Takiego obrotu sprawy nie spodziewał się nikt. Oto na antenie TVN24, stacji która za KOD-em pan brat, pojawił się materiał w programie "Czarno na białym", w którym były już działacz Komitetu Obrony Demokracji Jacek Wiśniewski obwieszcza, że KOD is dead!
- Komitet Obrony Demokracji jest w takim momencie, że można powiedzieć, że to jest koniec – mówi Wiśniewski w programie "Czarno na białym" jeden z jej byłych działaczy Jacek Wiśniewski.

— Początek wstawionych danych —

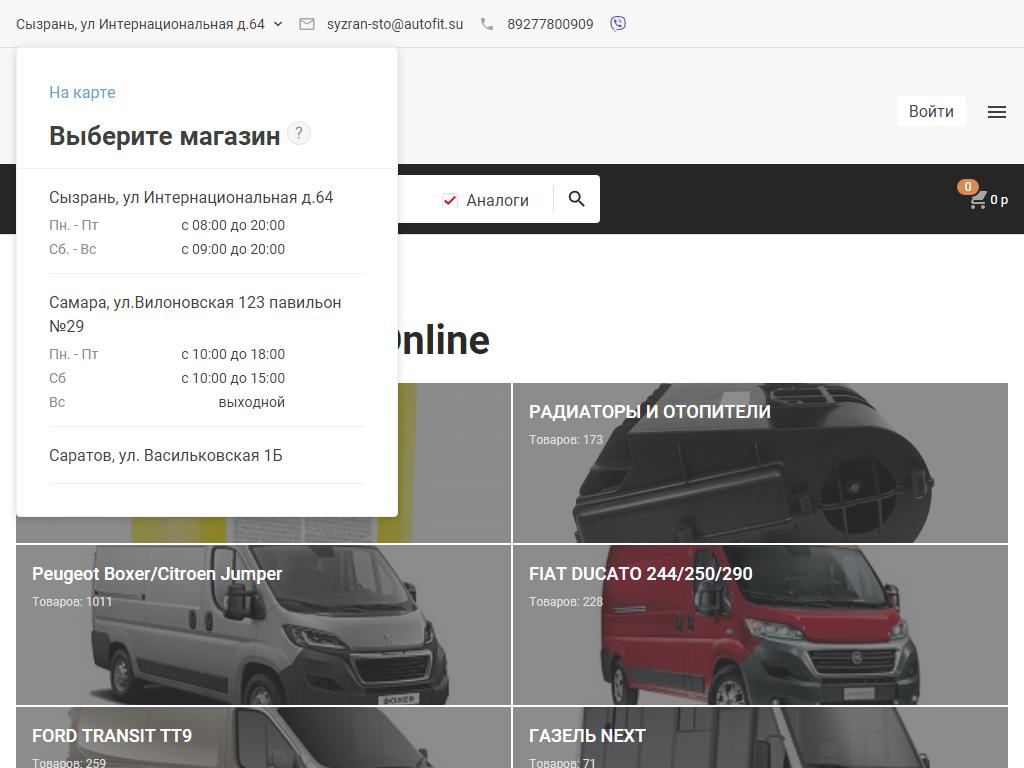 AutoFit, интернет-магазин автозапчастей в Саратове, Васильковская, 1Б |  адрес, телефон, режим работы, отзывы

Co ciekawe, śmierć KOD-u przewidują nawet ci, którzy jeszcze chadzają na mini-zloty.
TVN24 chciał poznać prawdę na temat zmierzchu tego - jak informują - gigantycznego ruchu społecznego. W rzeczywistości ta grupa była ewidentnie postawiona i wytworzona w jednym tylko celu: zniszczyć obecny, demokratycznie wybrany rząd polski. Ale paliwo się skończyło i KOD-u już prawie nie ma. Są opary w postaci starych UBeków, którzy jeszcze wierzą, że Lenin ze Stalinem coś pomogą.
Co bardzo ciekawe w materiale TVN24 wypowiadają się ci, którzy nadal wierzą, że służą słusznej sprawie. Ale i oni przyznają, że KOD już nie pociąga tłumów. - Pewne posunięcia, które przewodniczący KOD popełnił, nie wpłynęły dobrze na konsolidację KOD – usłyszeli dziennikarze TVN24 na ostatniej demonstracji. – Nie będę pluła we własne gniazdo, ale to jest złe i koniec – stwierdziła inna.
No cóż, Polska może wreszcie odetchnąć. Ulice wielu miast zostaną wreszcie uwolnione od podskakujących jak głupki UB-eków. Wiosna przyszła, KOD-u nie ma!